#### [DATASET]

○ ○ ○ ○ ○

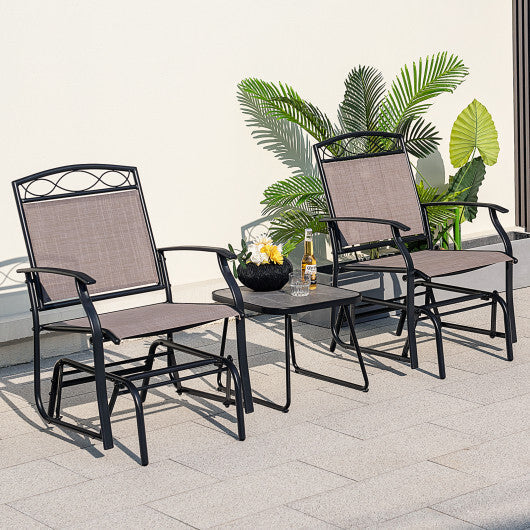 Outdoor Gliding Loveseat Chair with Tempered Glass Coffee Table-2 Pieces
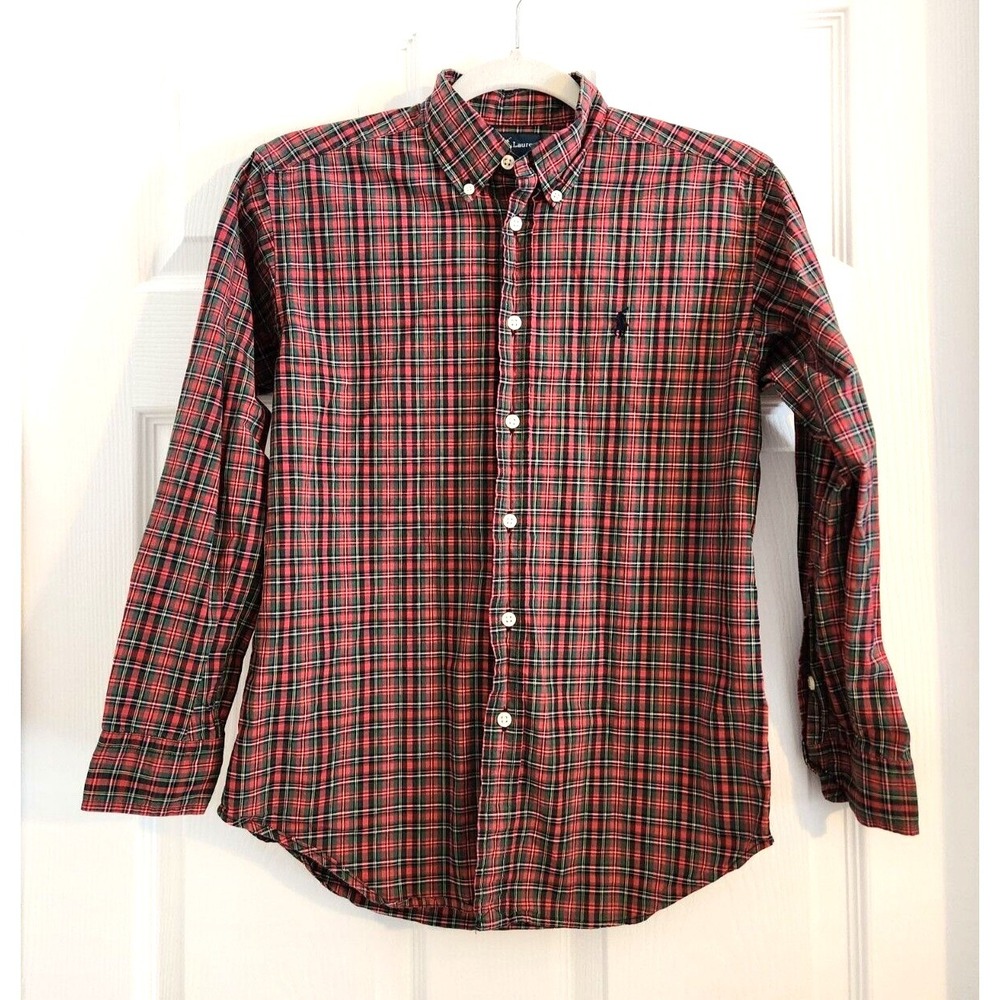Ralph Lauren Logo Boys Shirt Size M (10-12) Classic Red Green Plaid Button Up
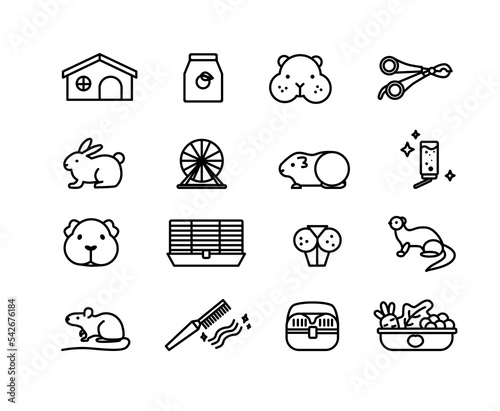 Pet rodent web icons set. Vector outline pet shop signs collection. Hamster, cavy and bunny accessories pack for online store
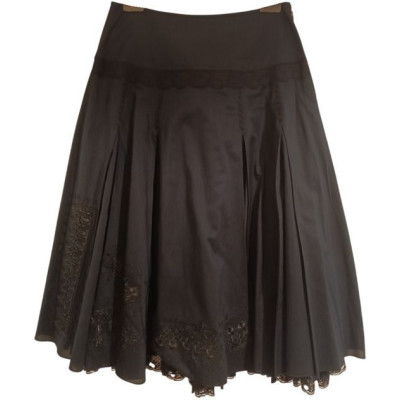 Marella - Gonna in puro cotone di color nero con ricami - Italianfashionglam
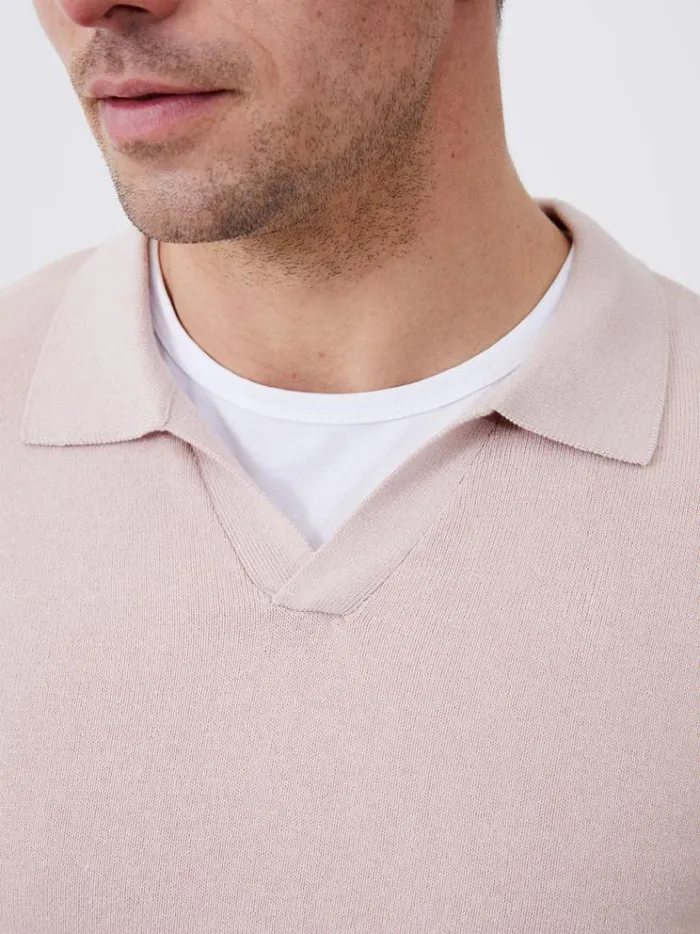 French Connection TShirts and Polo Shirts Resort Short Sleeve Polo Shirt Silver Pink 8211 Man
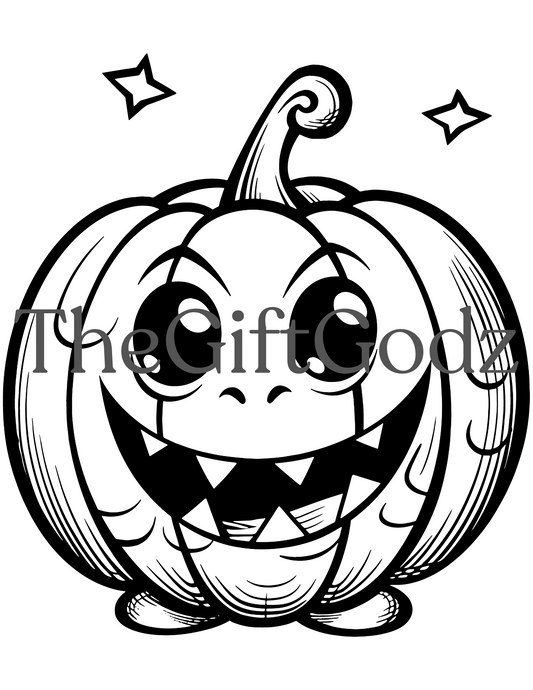 Pumpkin coloring printable digital download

○ ○ ○ ○ ○

#### [TASK]
Leave the images out as you retype each line of the material exactly.

#### [WRITTEN ANSWER]
 Outdoor Gliding Loveseat Chair with Tempered Glass Coffee Table-2 Pieces
Ralph Lauren Logo Boys Shirt Size M (10-12) Classic Red Green Plaid Button Up
 Pet rodent web icons set. Vector outline pet shop signs collection. Hamster, cavy and bunny accessories pack for online store
 Marella - Gonna in puro cotone di color nero con ricami - Italianfashionglam
 French Connection TShirts and Polo Shirts Resort Short Sleeve Polo Shirt Silver Pink 8211 Man
 Pumpkin coloring printable digital download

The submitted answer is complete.